Getting all up in the Kool-Aid

By Tandy Versyp

I am white. Really white. I’m so white I stereotypically shop at the Gap, listen to Billy Joel and wear briefs. However, I say things like “keep it real,” “mind ya business” and “I’m a grown-ass man.”

The title of this column is a reference to the popular song “Candy Shop.” (Not the song on Madonna’s new album but the old 50 Cent song. Her lyrics: “I’ll be your one-stop candy shop … have some more … my sugar is raw, sticky, sweet.” Fiddy’s: “I’m tryin’ to explain, baby, the best that I can … I melt in your mouth, girl, not in your hand.”) I am definitely the 50 Cent version. Unlike Madonna, my sugar is fully cooked.

Madge is trying to reinvent herself, once again, as an R&B Superpop Diva. (Watch out Rihanna.) When I saw her popping her false “hip-hop” in and out in her new video, I wondered if that was how I looked when imitating my friend Quita, “All up in da Kool-Aid! Don’t even know what flava!”

White people have been stealing aspects of black culture for decades, like their music and even their slang with “rock-and-roll.” Although I think I’m different, I am just as bad as the white upper-crest grandmas that refer to their Tiffany’s jewelry as bling. I’ve gotten so bad that Quita didn’t start using the term “you are dismissed” until I overly used it in front of her. She’s heard it before, and I didn’t invent it, but now, like Webster’s, she’s re-added it into her cache of vernacular.

I’m not trying to be cool. I just love the creativity and simplicity of the slang. “Who told you to cosign on our discussion?” “Why are you tryin’ me?” “She is ‘bout it ‘bout it and rowdy rowdy.” “Stank.” Holding up a hand that is lighter and pinker on the palm: “Talk to the white girl, ‘cause the black girl ain’t listening.” “OK.” (OK can be used to convey sarcasm, jubilance, anger, or any emotion. It is all about stressing the first syllable and your tone.) These are iceberg statements, like Hemingway, that are just the tip of their meaning, a colorful economy of language.

It’s not ghetto-speak, but a mash-up of country-folk-speak and inner-city-speak. Growing up in rural Texas, I’d never heard anything as inventive as “all up in da Kool-Aid.” I only heard redneck lingo: “I’m gonna beat the tar out of you,” “like a bull in a china closet,” or “I’m fixin’ to.” Those phrases went out of style in the ’80s, along with the country music scene.

Moving to Savannah, I sank my teeth into every flavor of the “Kool-Aid.” I don’t use the lingo out of disrespect or to gentrify it into white culture. I love it, and I use it sparingly and only in the perfect situation. There is something distinctive — black and white — about it that gives a definitive punch to your meaning.

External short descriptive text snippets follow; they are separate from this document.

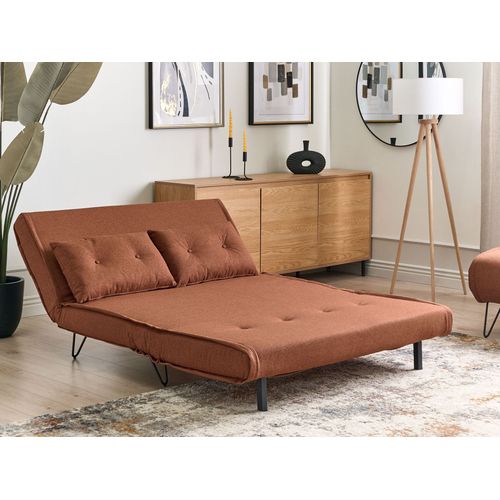 Canapé-lit 2 Places Vestfold Tissu Orange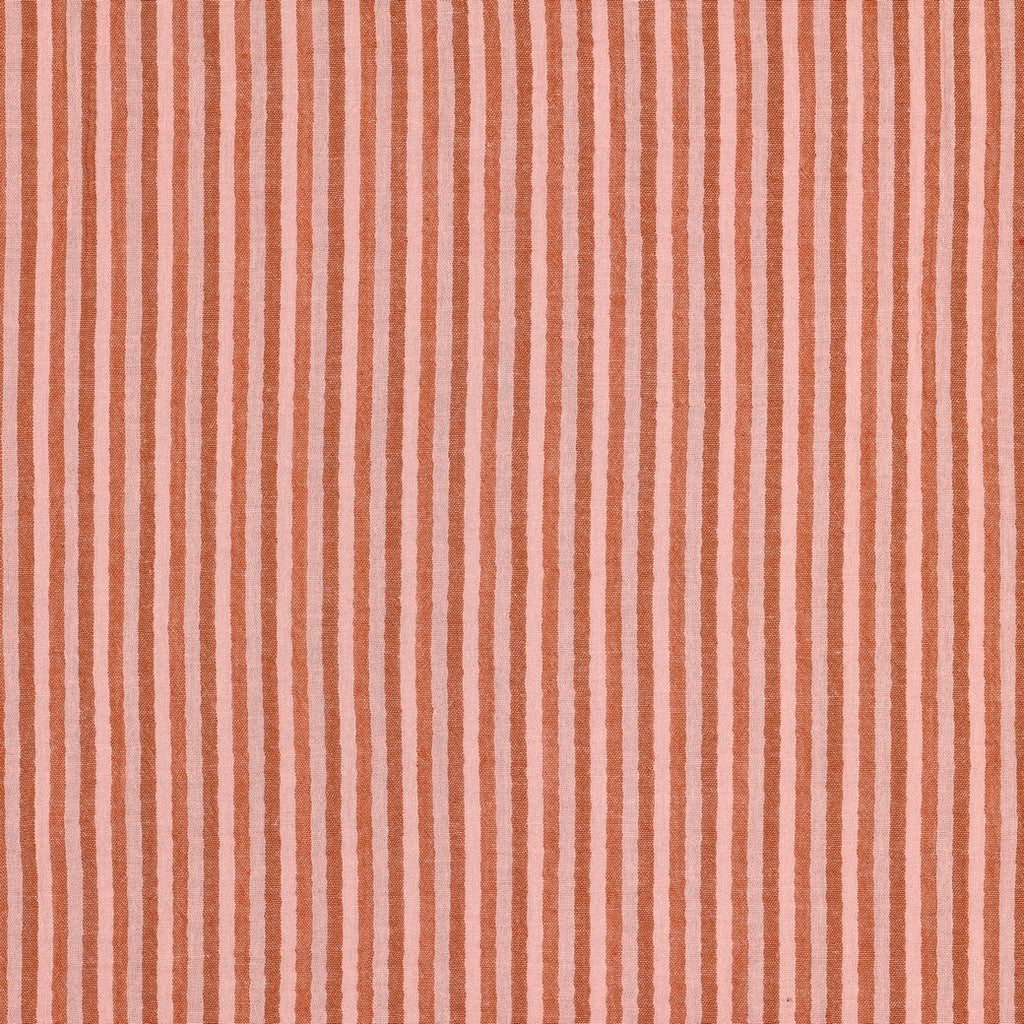 Musselin Doubleface Streifen schmal/breit - peach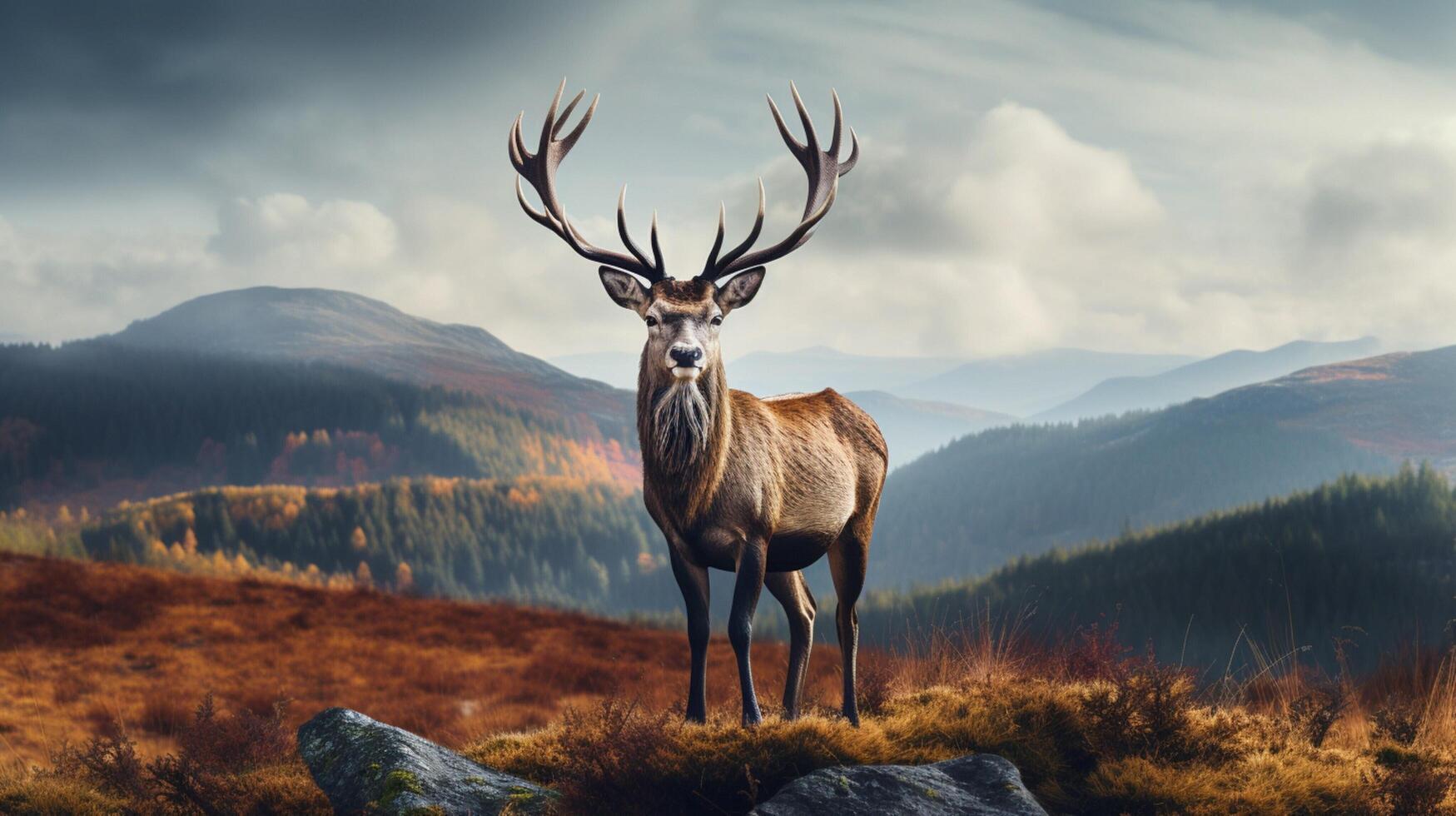 AI generated deer high quality image photo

Not all black people talk like this. Quimma, a co-worker of mine, once corrected my grammar. I apologized and thought nothing of it, but she told me that her mother always made her “speak correctly.” “You just don’t understand. For black people to be taken seriously, we have to articulate all the time.”

That’s why I drink the “Kool-Aid.” There are too many imaginative flavors out there for us to stick with plain old water.